Social media can be great, but it isn’t some form of magic that will automatically boost revenue just because you finally decided to jump on the Facebook and Twitter bandwagon. A report from Pitney Bowes – “Social media: Contrasting the Marketing and Consumer Perspectives” – further examines that fact that many marketers are diving into social media and buying the hype that it’s a “cure-all” for most major marketing dilemmas without realizing what to realistically expect.

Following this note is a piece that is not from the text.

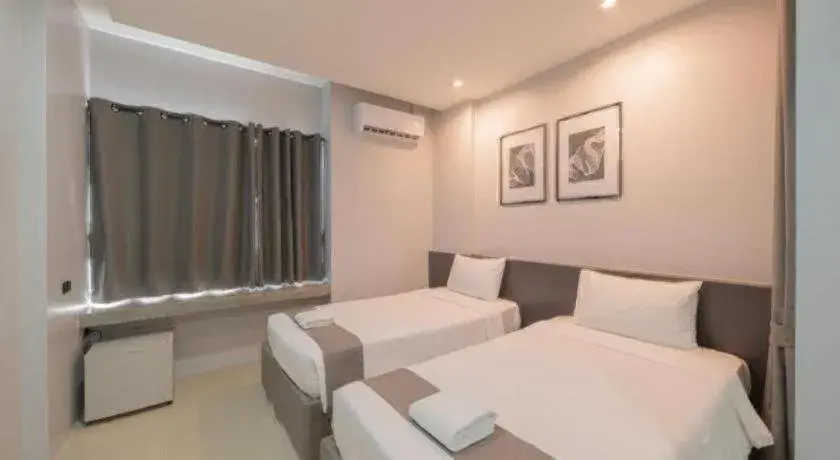 Bed in C2U Hotel Uthai Thani Bed in C2U Hotel Uthai Thani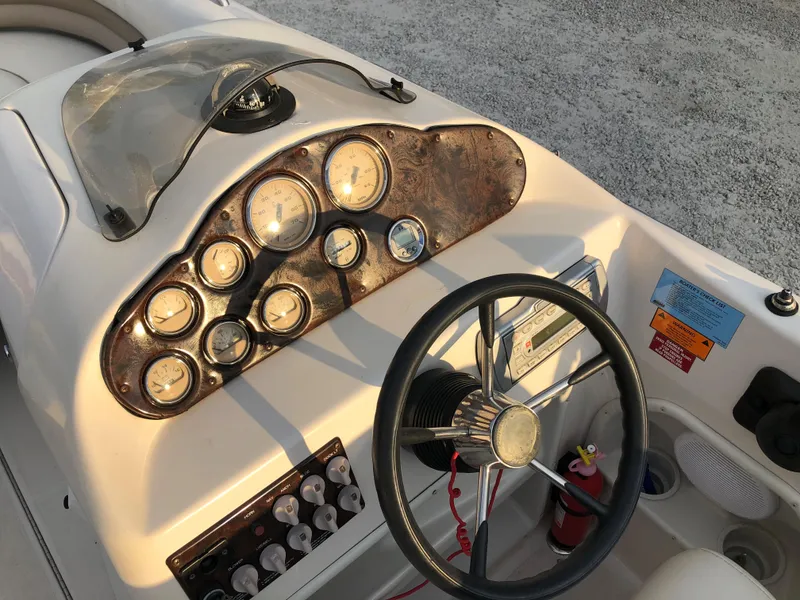 Slide: The Image of 2002 Hurricane Fun Deck GS 232 I/O boat dashboard with steering wheel and gauges. - 7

What Consumers Really Want
Many marketers are eager to dive into the world of social media. This alone is just fine. The problem comes when marketers underestimate consumers’ attitudes towards marketing through social media. According to the study, most people prefer peer recommendations – as in someone posting a good review about a product they just bought on Facebook – over direct advertisements. Most consumers also tend to be selective when it comes to directly interacting with a brand via their social media pages. Most consumers prefer to get their product or service recommendations from the following sources:
• Recommendations from friends
• Links to product pages sent from friends
• Reviews posted online from other consumers
Spark a Conversation
Social media, by nature, is conversational. Right now, most of the message deliver going on from brands via social media is not being reciprocated by consumers. Marketing messages may be delivered to the right target audience, but whether or not that audience actually pays attention is a different story. If you can’t spark a conversation, you’re not going to get the most out of social media marketing. A site or social media page that engages consumers in a dialog that’s not a marketing presentation is likely to be more successful. In order to achieve this goal, marketers have to be able to…

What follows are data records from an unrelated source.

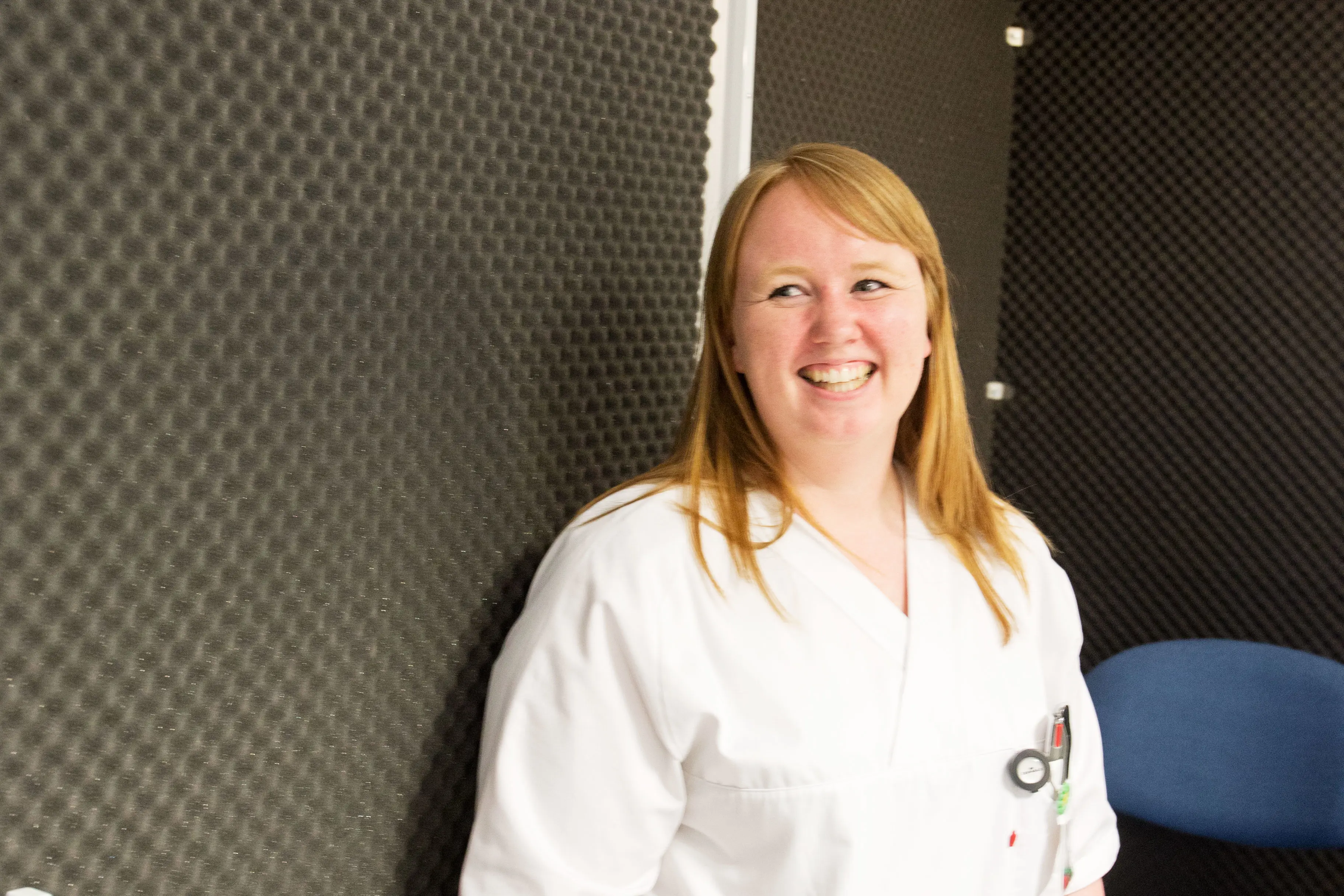 En person som smiler for kameraet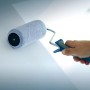 Hand streicht Wand mit LUX Farbroller 25 cm mit Softgriff in Schwarz-Blau.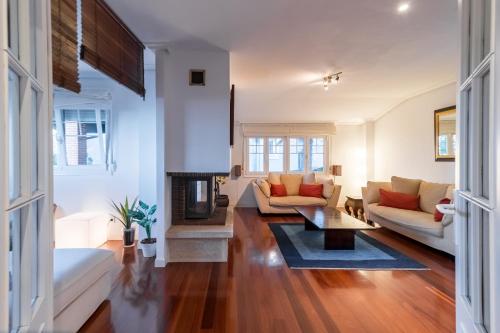 a living room with a couch and a fireplace at Villa La Perla De Sonabia in Oriñón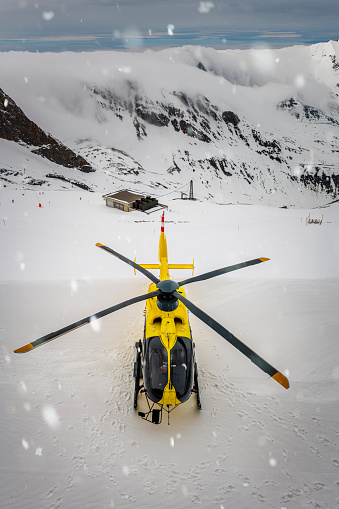 Just landed rescue helicopter in winter landscape at Hintertux glacier in Zillertal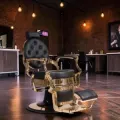 CLOVIS Barber Chair (2) Clovis gold barber chair - luxury barber chair - golden barber chair - vintage barbershop chair - high-end barber furniture - professional hairdressing chair - hydraulic barber chair - upholstered barber chair - robust barber chair - golden design barber chair - luxury retro barber chair - premium barbershop equipment - comfortable barber chair - adjustable barber chair - golden aluminum barber chair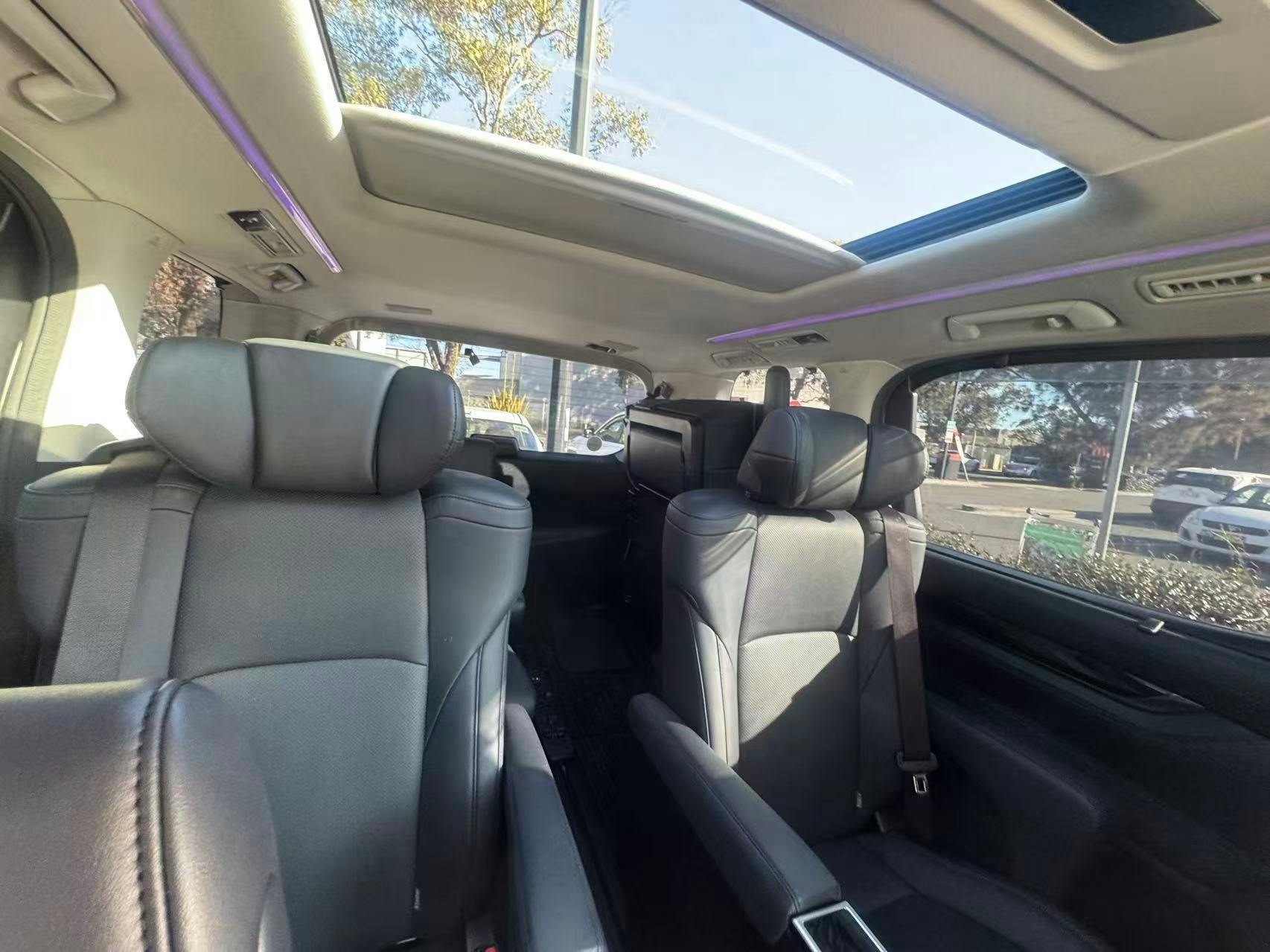 Leather captain seats and sunroof inside the Toyota Alphard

• Understand customers’ individual needs and preferences
• Establish effective measurement techniques to better understand what customers expect
• Find the right mix between content-driven advertising and engaging in a conversation
Get Inside Consumer’s Heads
More than 40 percent of consumers are annoyed when they receive social medial communications from brands. Nearly 70 percent of consumers surveyed said that they would intentionally avoid or stop using a brand that “annoyed” them with their social media marketing attempts. On the other hand, more than 80 percent of consumers are wiling to at least consider a brand recommended by friends via social media. If you want to engage consumers, you need to think how they think and interact in a way that is inviting – not annoying.
Keep Content Relevant
The Pitney Bowes report finds that most consumers have a built-in resistance to blatant marketing efforts. It’s the same aversion people had when telemarketing was the main form of direct marketing in the ’80s and ’90s. You are entering people’s personal space when you market to them via social media. The key to breaking down this barrier is to offer content that is relevant. Consider posting a “how-to” video, for example, that addresses common concerns or issues that indirectly relate to your product without blatantly mentioning your brand.
Finally, it is important to realize that it’s not just enough to jump on the social media bandwagon. You need to offer content that is relevant and engaging. It doesn’t have to be all about your brand. Social media marketing is about reaching out to consumers in a way that sparks interest and generates positive discussions.